A fraudulent history
The case stems from a financial scandal at Charter Communications. At the time, the St. Louis-based firm was the nation's fourth-largest cable television company.
In August 2000, executives at the company realized they were more than $15 million short of projected cash flow for the year. They worried that if stock analysts discovered the company's weak performance, their share price might suffer. They needed an infusion of cash – fast.
Instead of earning it, company officials devised a plan to artificially boost Charter's bottom line. They set up a system in which they overpaid two of their suppliers for television cable boxes. They paid $20 per box above the usual price – generating $17 million in overpayments. The suppliers – Scientific-Atlanta and Motorola – then agreed to pay $17 million to Charter to purchase advertising from Charter.
In effect, Charter was giving the suppliers free advertising but booking the recycled $17 million as new revenue.
To help throw Charter's auditors off the trail, Scientific-Atlanta and Motorola backdated phony contracts and were asked to send letters to Charter justifying the $20 extra charge per box, according to a federal indictment.

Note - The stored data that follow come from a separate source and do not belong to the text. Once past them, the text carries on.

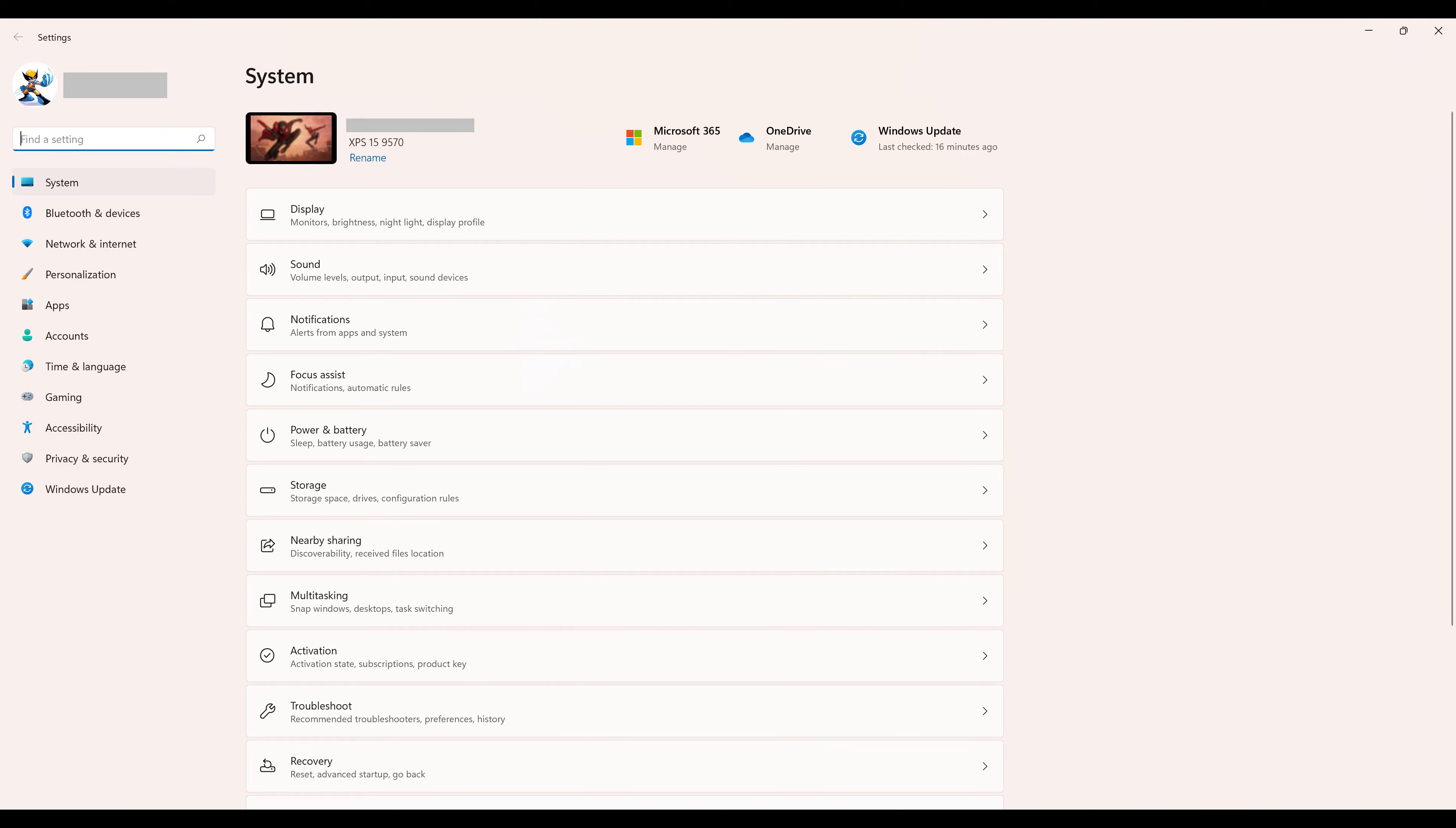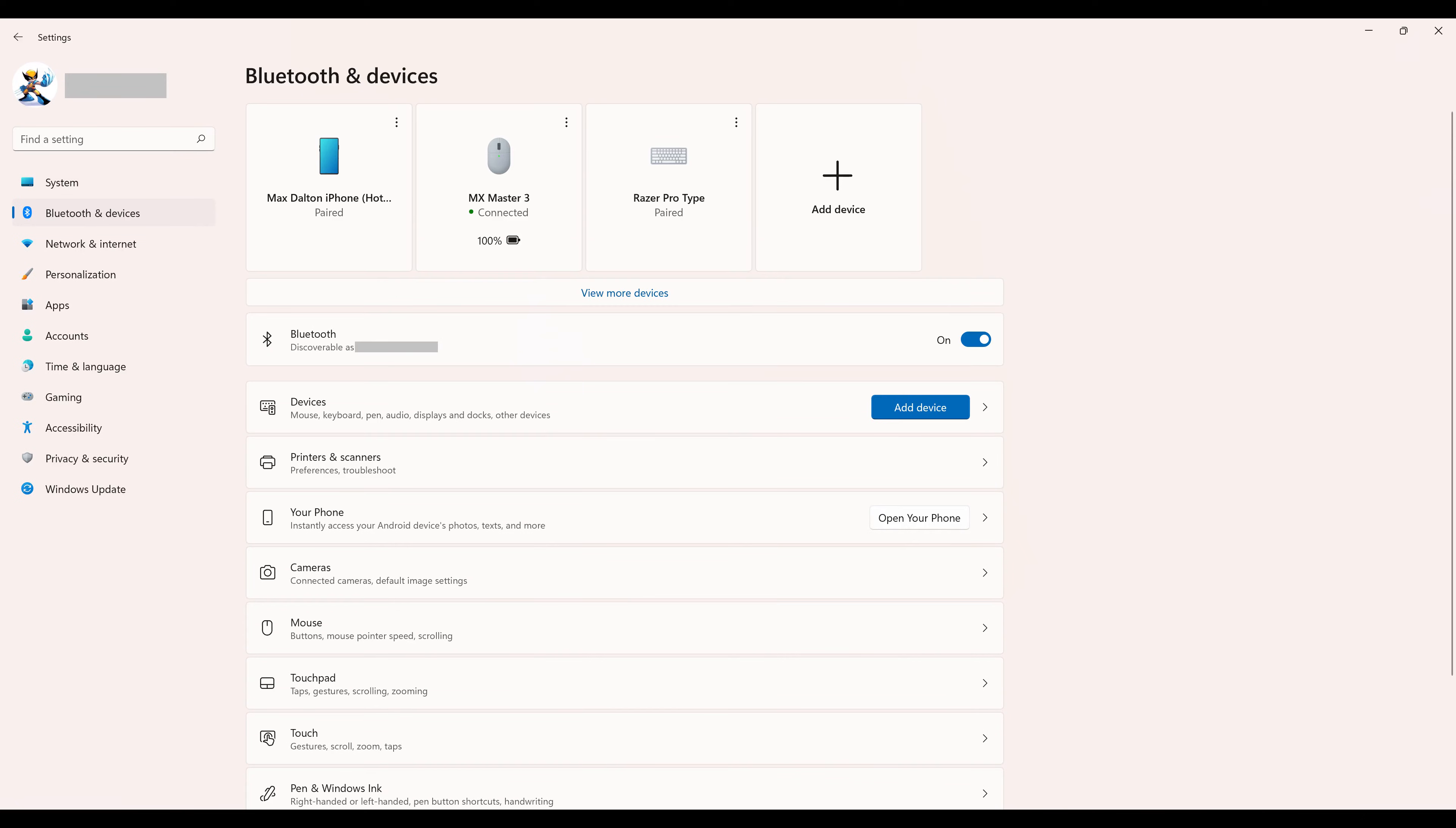Step 2: Click Bluetooth and Devices in the menu on the left side of the screen. Bluetooth and Devices options are shown on the right side of the screen.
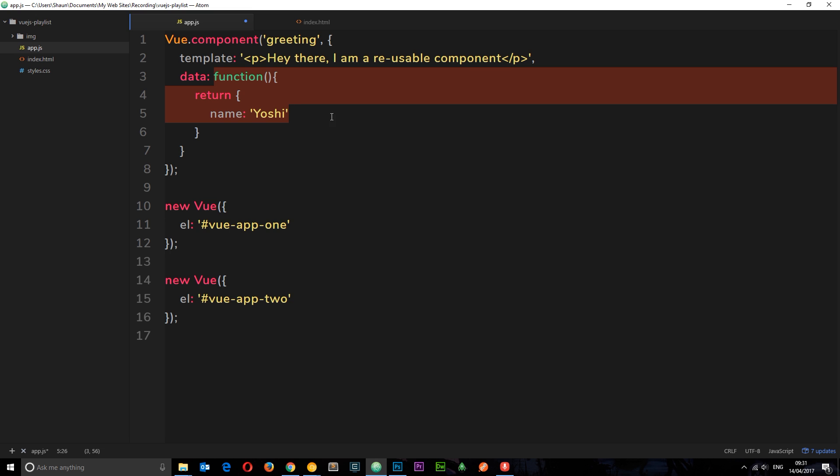By providing data as a function, every time we create a new instance of it, we're just calling this function to return a fresh copy of this data. So if we change this data in one of the instances of the component, then it's not going to update it in another one. And I can demonstrate that now.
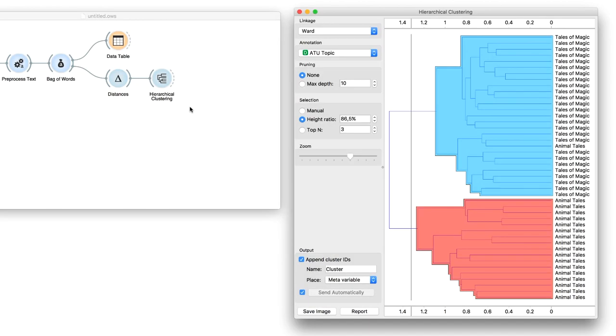If the tale talks about animals, it's an animal tale. If it's more about dragons and princesses, it's a tale of magic. Looks like the tale type corresponds quite well with our clusters.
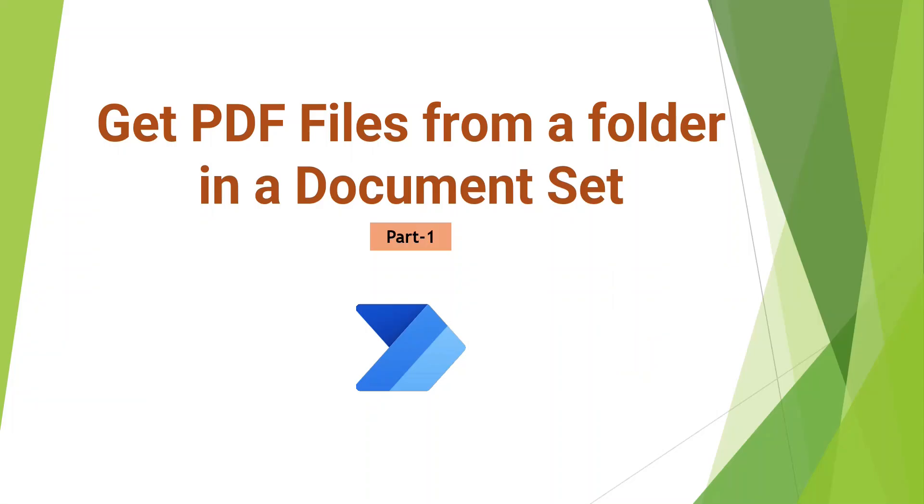Hello everyone. In this video, I am going to show you how you can get PDF files from a folder which is residing in a document set in SharePoint Online Library.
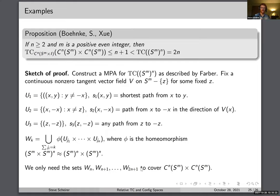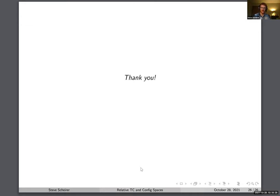Thank you for your attention. If you have any questions, I'd be happy to talk about them.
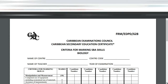Welcome to CSEP Biology, the cover page. I am Mr. Wilson and today we're going to be doing an overview of the criteria for marking SBA skills. You might have seen a number of mark schemes on my page and you might be wondering where this information is from. It's pretty much a summarized and simplified version of a mark scheme from CXC. There's this document I found on the CXC website titled Caribbean Examination Council Caribbean Secondary Education Certificate Criteria for Marking SBA Skills.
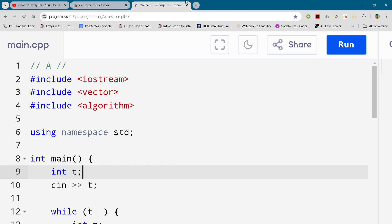Hey guys, I'm back with another Codeforces round — an educational round. In this video I will be giving you the solution for problem number A. By the way, if you want to copy this code and all the code of this contest, you can join my Telegram channel — the link is in the description, for absolutely free.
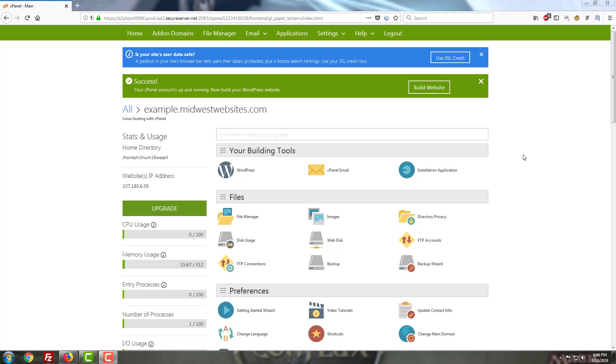Hello YouTube, this is Brayden with Midwest Websites, your solution for business website design and search engine optimization. Think Google hates your SEO? Find out where you stand with them by hiring one of our SEO auditors. Link in the description below.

One supplier sent false invoices, the indictment says.
The moves inflated Charter's bottom line and prevented a stock plunge, but only temporarily. When Charter's true financial situation was revealed (amid other questionable activities), the company's stock fell from $26 per share in 2000 to 76 cents per share by 2002.
A shareholder suit against Charter's top executives was settled out of court. Shareholders then turned their attention to the alleged roles played by Scientific-Atlanta and Motorola.